La danse des Faux-Lions : théâtre et/ou thérapie ?

Le lecteur curieux pourra trouver de riches renseignements dans l’un des rares textes disponibles traitant de ce sujet, « Simb, le jeu du Faux-Lion », de Hana Geroldova (dans « De l’instinct théâtral » aux éditions de L’Harmattan, 2004).

Les témoignages cités dans cette étude sont particulièrement instructifs : 

« Un jour, ma mère avait préparé du riz à la viande. Au cours du repas, ma tante a touché un bon morceau de viande. C’est ce jour-là que nous avons compris que Iba Loo était un Faux-Lion. Il a crié, il a tremblé. Tout son corps a frémi, il est entré en transe. Il est tombé. Même mon père qui était son ami intime, ignorait que Iba Loo était un Faux-Lion ».

« … l’homme était hors de lui, les yeux injectés de sang, les muscles bandés, les poils du torse et les bras hérissés, le corps en transe ; il pouvait à peine tenir sur les jambes ; il était en proie à de violentes crises… »

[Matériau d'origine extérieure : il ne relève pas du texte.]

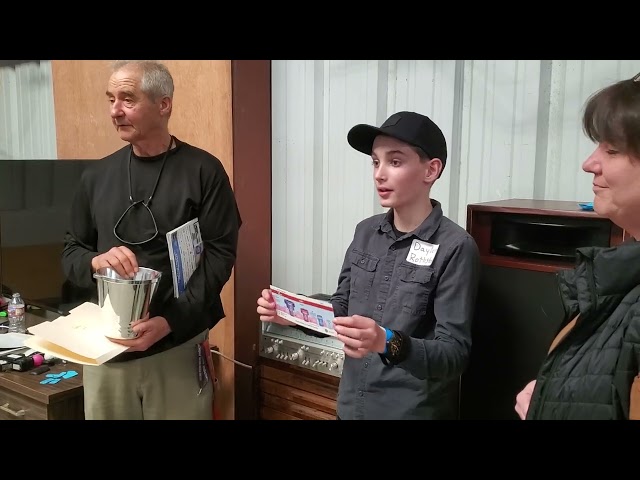 Herb Lingl, the Living Hero Pilot Teaching Kids About Flying A Airplane #hero #livinghero #Teaching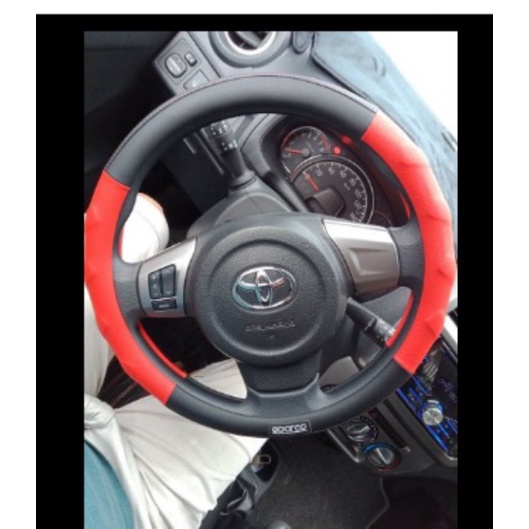 Bọc vô lăng sparco - size 38 phù hợp mọi dòng xe - bọc vô lăng spaco carbon dáng thể thao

Ces cas de possession trouvaient leur dénouement dans la cérémonie du Simb.
Celle-ci a évolué en se théâtralisant. Cela revient-il à dire que cette part de catharsis a disparu du spectacle ?

Pas si simple. On peut même considérer qu’elle s’est inversée et que le spectateur est devenu le patient de la thérapie.

Le Faux-Lion, en se mettant en situation, permet à ce dernier de dominer ses peurs : peur du fauve, peur de la force brutale, peur de se trouver humilié devant les autres, de ne pas arriver à dominer une situation conflictuelle…

Aujourd’hui, cette proximité entre spectacle-théâtre et soins médicaux peut surprendre mais c’est oublier que cette parenté – qui n’est explicite que dans certaines approches thérapeutiques – est, elle aussi, très ancienne dans la culture occidentale. Dans la Grèce antique (IVe siècle avant JC), le sanctuaire d’Épidaure était déjà célèbre pour son culte à Asclépios – l’Esculape romain – pour les soins qui y étaient dispensés et pour son superbe théâtre qui faisait partie intégrante des traitements.